Give the data again exactly as written, without any of its pictures.

Data extract Block Start

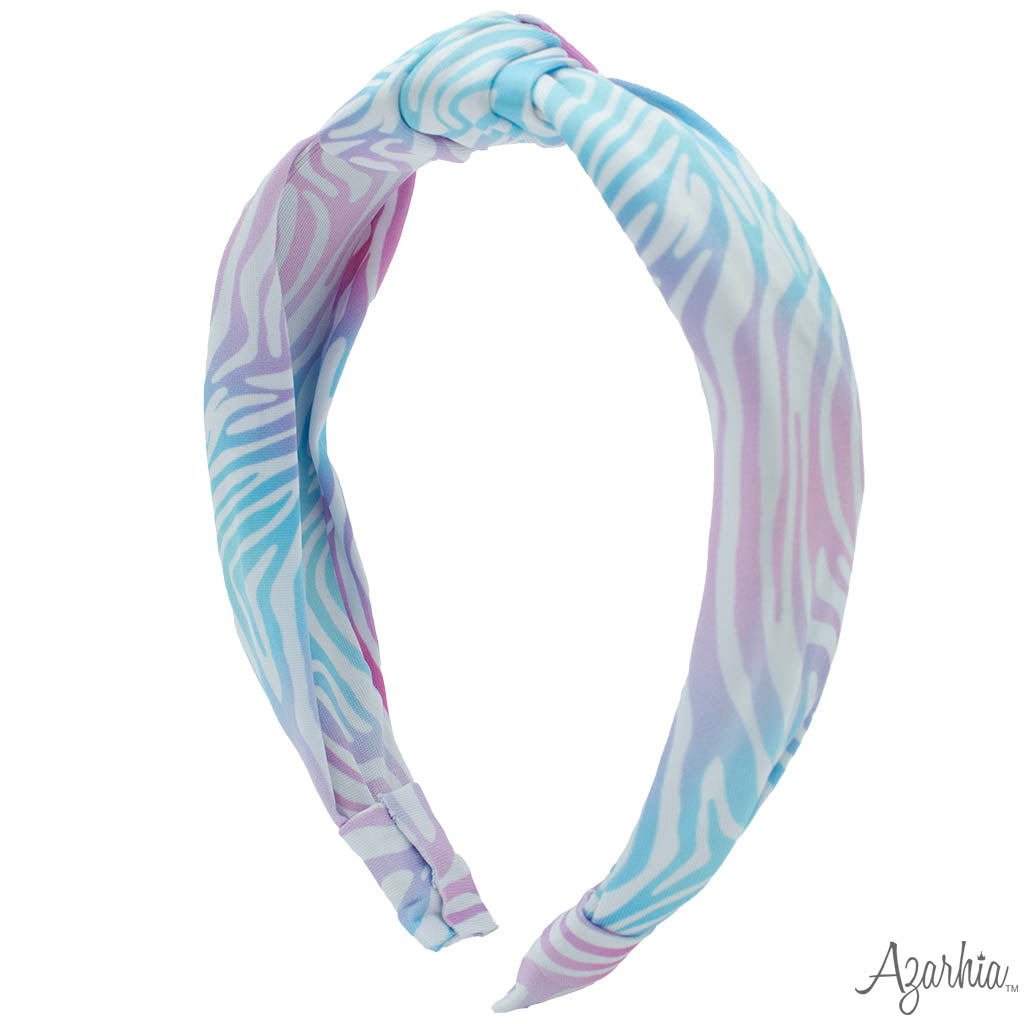 Top Knot Headband in Water Color Zebra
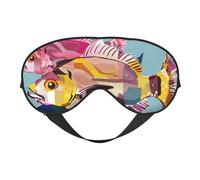 Masque de sommeil imprimé poisson coloré pour homme et femme - Impression double face - En soie douce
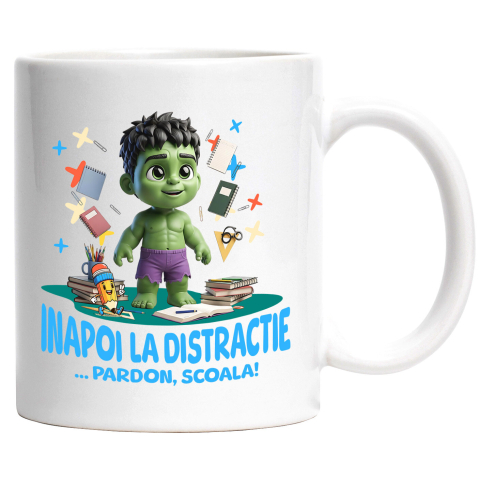 Amuzante - Cana Cu Hulk – Inspiratie Pentru Micii Eroi, Ceramica, 330ML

Data extract Block End

### Task solution
 Top Knot Headband in Water Color Zebra
 Masque de sommeil imprimé poisson coloré pour homme et femme - Impression double face - En soie douce
 Amuzante - Cana Cu Hulk – Inspiratie Pentru Micii Eroi, Ceramica, 330ML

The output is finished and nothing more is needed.